### Supplied data
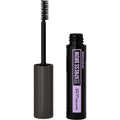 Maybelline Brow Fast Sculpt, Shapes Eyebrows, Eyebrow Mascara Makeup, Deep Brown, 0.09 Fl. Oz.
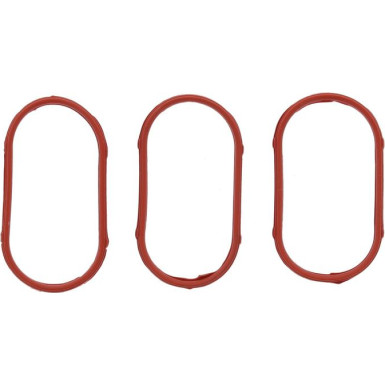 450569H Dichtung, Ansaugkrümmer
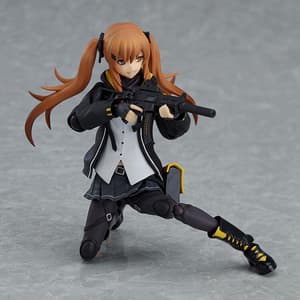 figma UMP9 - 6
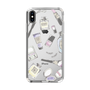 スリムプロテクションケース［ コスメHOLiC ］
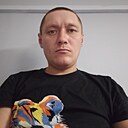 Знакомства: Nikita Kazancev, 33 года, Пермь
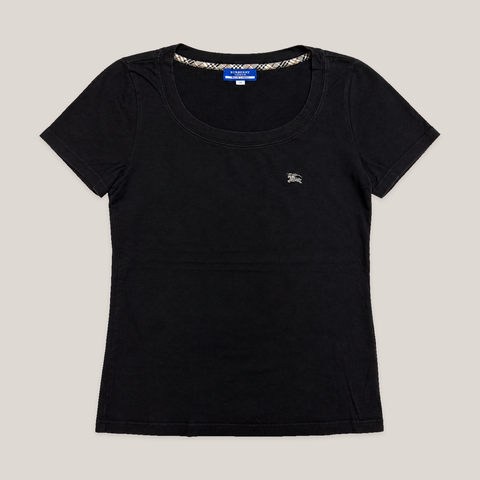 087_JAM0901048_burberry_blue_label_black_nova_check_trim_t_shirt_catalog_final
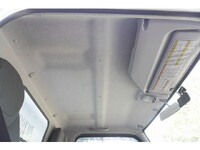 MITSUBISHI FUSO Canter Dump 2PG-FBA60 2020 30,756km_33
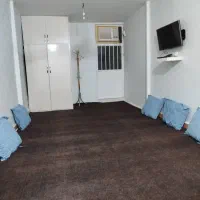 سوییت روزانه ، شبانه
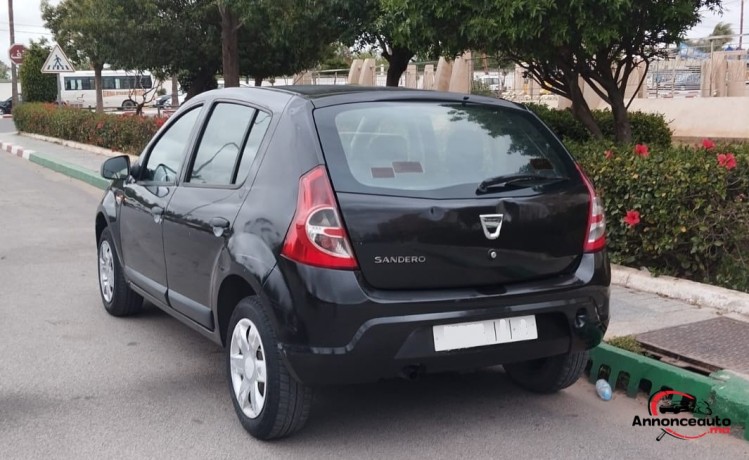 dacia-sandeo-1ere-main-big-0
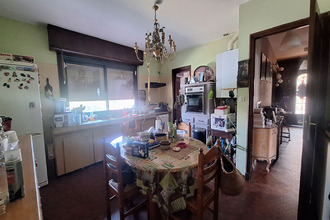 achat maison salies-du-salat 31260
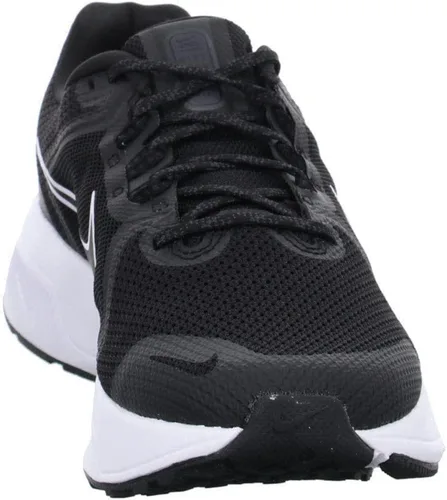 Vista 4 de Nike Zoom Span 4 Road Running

==

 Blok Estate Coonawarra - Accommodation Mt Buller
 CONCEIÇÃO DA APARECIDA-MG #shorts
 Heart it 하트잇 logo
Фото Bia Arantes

### What you have to do
Using only the listing above, restate exactly the lines from the line containing "CONCEIÇÃO DA APARECIDA-MG #shorts" through the line containing "Фото Bia Arantes", both included.

### Solution to the problem
 CONCEIÇÃO DA APARECIDA-MG #shorts
 Heart it 하트잇 logo
Фото Bia Arantes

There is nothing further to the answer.